During the auditory story task, participants listened to either stories or music. Four conditions were included: ToM stories, physical stories, jabberwocky, and music. This task provides a language contrast (physical stories vs. jabberwocky), a second ToM contrast (ToM vs. physical stories), and a second voice contrast (jabberwocky vs. music). Two additional conditions, stories depicting physical and biological movements, were included for separate purposes, and are not analyzed in the present report. ToM stories consisted of stories describing the false belief of a human character, with no explicit descriptions of human motion. Physical stories described physical events involving no object motion (e.g., streetlights turning on at night) and no human characters. All stories consisted of 3 sentences, and stories were matched across conditions on number of words, mean syllables per word, Flesch reading ease, number of noun phrases, number of modifiers, number of higher level constituents, number of words before the first verb, number of negations, and mean semantic frequency (log Celex frequency). Jabberwocky stimuli consisted of English sentences with content words replaced by pronounceable nonsense words, and with words temporally reordered. This condition has minimal semantic and syntactic content, but preserves prosody, phonology, and vocal content. Music stimuli consisted of clips from instrumental classical and jazz pieces, with no linguistic content. Each auditory stimulus lasted 9 s. After a 1-s delay, participants performed a delayed-match-to-sample task, judging whether a word (or music clip) came from the prior stimulus. Each run consisted of 4 trials per condition, for a total of 24 trials. Four runs of 8:08 min were given. Stimuli were presented in a jittered, slow event-related design, with stimulus timing determined using Freesurfer's optseq2 to optimize power in comparing conditions.

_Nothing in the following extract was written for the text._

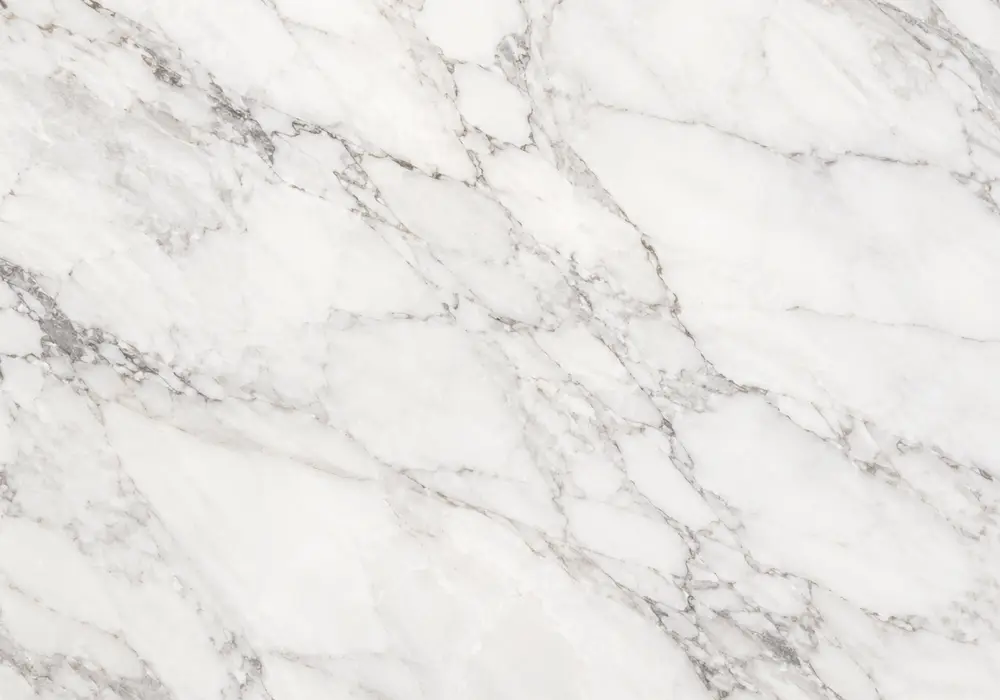 polished Pietra Grey slab beside a honed vanity and textured exterior sample, showing fine white veins and subtle wear marks.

Additionally, resting-state data were acquired to investigate functional connectivity of STS subregions. For these scans, participants were asked to keep their eyes open, avoid falling asleep, and stay as still as possible. These scans lasted 10 min.

Data Acquisition

Data were acquired using a Siemens 3T MAGNETOM Tim Trio scanner (Siemens AG, Healthcare, Erlangen, Germany). High-resolution T1-weighted anatomical images were collected using a multi-echo MPRAGE pulse sequence (repetition time [TR] = 2.53 s; echo time [TE] = 1.64, 3.5, 5.36, 7.22 ms, flip angle α = 7°, field of view [FOV] = 256 mm, matrix = 256 × 256, slice thickness = 1 mm, 176 near-axial slices, acceleration factor = 3, 32 reference lines). Task-based functional data were collected using a T2*-weighted echo planar imaging (EPI) pulse sequence sensitive to blood oxygen level–dependent (BOLD) contrast (TR = 2 s, TE = 30 ms, α = 90°, FOV = 192 mm, matrix = 64 × 64, slice thickness = 3 mm, slice gap = 0.6 mm, 32 near-axial slices). Resting-state functional data were also collected using a T2*-weighted EPI sequence (TR = 6 s, TE = 30 ms, α = 90°, FOV = 256 mm, matrix = 128 × 128, slice thickness = 2 mm, 67 near-axial slices). Resting data were acquired at higher resolution (2 mm isotropic) to reduce the relative influence of physiological noise (Triantafyllou et al. 2005, 2006).

Data Preprocessing and Modeling

Data were processed using the FMRIB Software Library (FSL), version 4.1.8, supplemented by custom MATLAB scripts. Anatomical and functional images were skull-stripped using FSL's brain extraction tool. Functional data were motion corrected using rigid-body transformations to the middle image of each run, corrected for interleaved slice acquisition using sinc interpolation, spatially smoothed using an isotropic Gaussian kernel (5-mm FWHM unless otherwise specified), and high-pass filtered (Gaussian-weighted least-squares fit straight line subtraction, with σ = 50 s (Marchini and Ripley 2000)). Functional images were registered to anatomical images using a rigid-body transformation determined by Freesurfer's bbregister (Greve and Fischl 2009). Anatomical images were in turn normalized to the Montreal Neurological Instititute-152 template brain (MNI space), using FMRIB's nonlinear registration tool (FNIRT). Further details on the preprocessing and modeling of resting-state data are provided below (see Resting-state functional connectivity analysis).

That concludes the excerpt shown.